How Do Interest Rates Affect Your Buying Power? See For Yourself…
What are the factors that qualify a buyer for the purchase of a home? Lenders don’t qualify borrowers based on the Purchase price of a home, they qualify them for a particular mortgage payment. A lender must analyze the new potential mortgage debt (their proposed Principal & Interest, Taxes and Insurances) in relation to the borrower’s income and their other expenses.
It seems that most home buyers look at the process in the same manner… ”What can I actually afford to pay monthly?” and “How will buying this home affect my lifestyle?”. In a rising interest rate environment (which is an inevitability), those questions can have a significant impact on the market.

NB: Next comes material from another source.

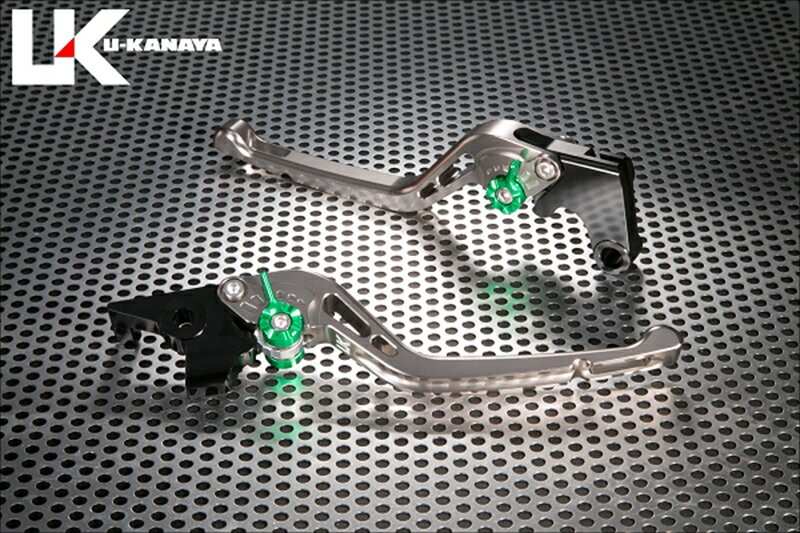 バイクパーツ ハンドルユーカナヤ レバーセット GPタイプ/ロング TI/GNKA081-011-0506 4550255894764エリミネーター400/SE 23-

The chart above lays out and example of what would happen to the monthly payment on a mortgage as the interest rises from 4% on up to 7%. It shows the monthly increase and it also shows how much more the property would ultimately cost over the life of the loan. In this example of using a loan amount of $700,000, we see the 30 year amortized monthly payment rise by almost 40% when the interest rate only rises 3%. In addition to that, the over all cost of the property rises by 23% by the end of the loan term.
Since most buyers are sensitive to the monthly payment, in most cases, the rise in interest rates lowers the buyer’s purchasing power and price. What are the implications and possible outcomes of this mathematical certainty?
- Buyers may wind up with a higher mortgage payment than they are comfortable with and their lifestyles will suffer, or worse, they may no longer qualify for their loan and deals could collapse.
- Buyers will have to “lower their sights” on lesser homes in lesser neighborhoods because their monthly carrying costs are the true determinant to buying a home.
- Buyers may choose to “wait it out”, hoping that rates will come back down (much in the same way sellers held on to the belief that prices would rebound). There is no logic behind that hope, but that won’t stop buyers from getting on the sidelines.
- Sellers will have to reduce home prices the equivalent percentage to attract buyers back so the buyer can get the payment they need to buy.
Please realize these two things:
- For Sellers, you are not likely to get the price you could get today for years to come.
- For Buyers, TODAY may be the lowest interest rate you will be able to get for the REST OF YOUR LIFETIME.
Remember, buyers and lenders want the same thing: an affordable payment. The price of the home is secondary to the monthly cost of the home. Act quickly, if you are looking to buy to get the home you want, in the neighborhood you want, for a payment you want. Price aggressively, if you don’t want to miss out on the opportunity to have as many qualified purchasers to be able to afford to buy your home.